Recorded data
──────────
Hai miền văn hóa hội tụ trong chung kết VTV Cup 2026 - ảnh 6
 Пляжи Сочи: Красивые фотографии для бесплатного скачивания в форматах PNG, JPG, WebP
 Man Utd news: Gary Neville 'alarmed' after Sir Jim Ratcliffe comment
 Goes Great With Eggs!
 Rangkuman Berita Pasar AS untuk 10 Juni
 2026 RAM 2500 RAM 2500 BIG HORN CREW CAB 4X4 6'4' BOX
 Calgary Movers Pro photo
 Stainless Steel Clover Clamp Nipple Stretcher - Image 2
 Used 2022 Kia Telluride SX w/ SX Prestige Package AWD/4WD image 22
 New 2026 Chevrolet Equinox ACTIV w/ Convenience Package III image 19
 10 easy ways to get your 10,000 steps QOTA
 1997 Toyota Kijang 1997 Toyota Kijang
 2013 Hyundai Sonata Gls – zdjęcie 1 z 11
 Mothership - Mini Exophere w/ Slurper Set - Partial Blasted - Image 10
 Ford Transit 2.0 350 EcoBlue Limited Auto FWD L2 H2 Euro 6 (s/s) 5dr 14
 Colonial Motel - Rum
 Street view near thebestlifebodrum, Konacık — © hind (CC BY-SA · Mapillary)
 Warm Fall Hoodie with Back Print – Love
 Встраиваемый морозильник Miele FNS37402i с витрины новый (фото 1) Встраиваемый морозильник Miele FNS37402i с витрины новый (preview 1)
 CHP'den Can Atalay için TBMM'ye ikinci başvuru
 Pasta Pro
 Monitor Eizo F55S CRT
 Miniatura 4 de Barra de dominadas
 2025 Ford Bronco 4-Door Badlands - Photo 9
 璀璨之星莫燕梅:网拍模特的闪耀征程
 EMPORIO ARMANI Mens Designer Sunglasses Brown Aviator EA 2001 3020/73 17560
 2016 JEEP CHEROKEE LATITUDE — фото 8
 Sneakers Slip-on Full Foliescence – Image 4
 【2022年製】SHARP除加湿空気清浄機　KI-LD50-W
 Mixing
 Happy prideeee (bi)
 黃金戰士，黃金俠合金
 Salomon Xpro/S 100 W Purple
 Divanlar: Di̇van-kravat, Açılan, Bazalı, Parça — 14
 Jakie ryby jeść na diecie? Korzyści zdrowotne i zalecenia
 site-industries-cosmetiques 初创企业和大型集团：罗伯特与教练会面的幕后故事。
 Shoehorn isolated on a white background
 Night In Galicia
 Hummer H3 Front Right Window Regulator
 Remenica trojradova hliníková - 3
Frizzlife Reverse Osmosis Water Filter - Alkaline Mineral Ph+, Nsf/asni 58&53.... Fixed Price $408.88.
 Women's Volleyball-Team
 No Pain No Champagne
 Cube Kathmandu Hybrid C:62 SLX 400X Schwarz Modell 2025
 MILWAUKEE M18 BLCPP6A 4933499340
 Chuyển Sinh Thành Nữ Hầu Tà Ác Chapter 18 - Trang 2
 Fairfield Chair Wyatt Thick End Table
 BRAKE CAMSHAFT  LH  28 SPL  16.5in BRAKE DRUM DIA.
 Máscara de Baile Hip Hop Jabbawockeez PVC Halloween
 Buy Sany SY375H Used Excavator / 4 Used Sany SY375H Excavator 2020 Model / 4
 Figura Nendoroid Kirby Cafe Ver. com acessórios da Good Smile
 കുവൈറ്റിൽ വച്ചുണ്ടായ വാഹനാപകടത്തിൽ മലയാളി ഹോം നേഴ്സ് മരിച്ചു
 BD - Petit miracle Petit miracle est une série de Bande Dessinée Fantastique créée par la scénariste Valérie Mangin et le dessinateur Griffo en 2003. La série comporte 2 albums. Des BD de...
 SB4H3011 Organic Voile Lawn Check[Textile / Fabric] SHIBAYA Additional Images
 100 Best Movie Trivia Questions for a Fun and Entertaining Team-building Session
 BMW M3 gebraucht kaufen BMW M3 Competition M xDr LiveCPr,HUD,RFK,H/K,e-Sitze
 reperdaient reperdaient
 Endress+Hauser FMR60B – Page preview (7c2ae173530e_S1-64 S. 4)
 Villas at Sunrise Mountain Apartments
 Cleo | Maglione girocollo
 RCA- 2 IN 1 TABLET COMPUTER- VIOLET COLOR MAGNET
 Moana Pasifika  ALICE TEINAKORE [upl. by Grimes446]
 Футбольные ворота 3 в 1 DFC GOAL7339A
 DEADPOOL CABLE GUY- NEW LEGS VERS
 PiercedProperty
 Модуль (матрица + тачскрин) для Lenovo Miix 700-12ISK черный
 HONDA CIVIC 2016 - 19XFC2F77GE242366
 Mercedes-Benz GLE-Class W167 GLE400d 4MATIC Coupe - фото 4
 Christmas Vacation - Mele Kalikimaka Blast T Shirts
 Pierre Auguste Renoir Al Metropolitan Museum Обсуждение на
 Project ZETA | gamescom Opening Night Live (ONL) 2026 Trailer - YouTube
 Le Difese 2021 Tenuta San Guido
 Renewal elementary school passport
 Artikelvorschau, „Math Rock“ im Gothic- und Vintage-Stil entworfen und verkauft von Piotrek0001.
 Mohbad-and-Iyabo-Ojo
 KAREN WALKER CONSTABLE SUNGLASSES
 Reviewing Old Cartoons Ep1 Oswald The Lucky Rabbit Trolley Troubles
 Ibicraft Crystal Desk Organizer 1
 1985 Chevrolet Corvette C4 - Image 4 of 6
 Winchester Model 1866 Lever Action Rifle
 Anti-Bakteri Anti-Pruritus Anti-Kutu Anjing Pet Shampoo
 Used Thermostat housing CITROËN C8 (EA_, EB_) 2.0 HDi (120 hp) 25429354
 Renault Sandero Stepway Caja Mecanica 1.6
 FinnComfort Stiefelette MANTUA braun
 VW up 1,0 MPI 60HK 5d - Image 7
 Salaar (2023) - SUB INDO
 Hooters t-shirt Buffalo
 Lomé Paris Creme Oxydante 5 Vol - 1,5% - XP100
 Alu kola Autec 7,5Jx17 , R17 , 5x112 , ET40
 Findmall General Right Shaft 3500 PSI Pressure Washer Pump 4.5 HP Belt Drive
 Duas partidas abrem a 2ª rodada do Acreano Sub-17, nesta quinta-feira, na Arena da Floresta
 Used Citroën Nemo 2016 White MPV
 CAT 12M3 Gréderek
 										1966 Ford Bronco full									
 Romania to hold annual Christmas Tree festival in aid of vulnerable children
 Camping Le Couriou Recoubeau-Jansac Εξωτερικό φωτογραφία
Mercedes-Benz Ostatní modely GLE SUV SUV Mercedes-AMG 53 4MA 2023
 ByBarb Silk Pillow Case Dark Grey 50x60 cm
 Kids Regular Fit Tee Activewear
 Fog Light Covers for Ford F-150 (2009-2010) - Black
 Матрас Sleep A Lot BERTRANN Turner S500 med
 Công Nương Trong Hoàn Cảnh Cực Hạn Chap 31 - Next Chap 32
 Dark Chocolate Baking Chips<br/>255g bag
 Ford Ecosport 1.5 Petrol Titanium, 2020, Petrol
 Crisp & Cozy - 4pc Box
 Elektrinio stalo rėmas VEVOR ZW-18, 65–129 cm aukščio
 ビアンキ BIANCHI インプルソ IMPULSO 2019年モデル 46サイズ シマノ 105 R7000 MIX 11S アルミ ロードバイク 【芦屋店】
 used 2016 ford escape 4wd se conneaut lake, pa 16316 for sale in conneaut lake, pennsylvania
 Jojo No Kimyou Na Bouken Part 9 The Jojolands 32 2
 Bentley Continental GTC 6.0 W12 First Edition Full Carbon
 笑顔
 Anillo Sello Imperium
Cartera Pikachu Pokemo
──────────
REQUIREMENT: Beginning at the line above that contains "SB4H3011 Organic Voile", return each line exactly through the line that contains "HONDA CIVIC 2016 - 19XFC2F77GE242366", and no others.

REPLY:
 SB4H3011 Organic Voile Lawn Check[Textile / Fabric] SHIBAYA Additional Images
 100 Best Movie Trivia Questions for a Fun and Entertaining Team-building Session
 BMW M3 gebraucht kaufen BMW M3 Competition M xDr LiveCPr,HUD,RFK,H/K,e-Sitze
 reperdaient reperdaient
 Endress+Hauser FMR60B – Page preview (7c2ae173530e_S1-64 S. 4)
 Villas at Sunrise Mountain Apartments
 Cleo | Maglione girocollo
 RCA- 2 IN 1 TABLET COMPUTER- VIOLET COLOR MAGNET
 Moana Pasifika  ALICE TEINAKORE [upl. by Grimes446]
 Футбольные ворота 3 в 1 DFC GOAL7339A
 DEADPOOL CABLE GUY- NEW LEGS VERS
 PiercedProperty
 Модуль (матрица + тачскрин) для Lenovo Miix 700-12ISK черный
 HONDA CIVIC 2016 - 19XFC2F77GE242366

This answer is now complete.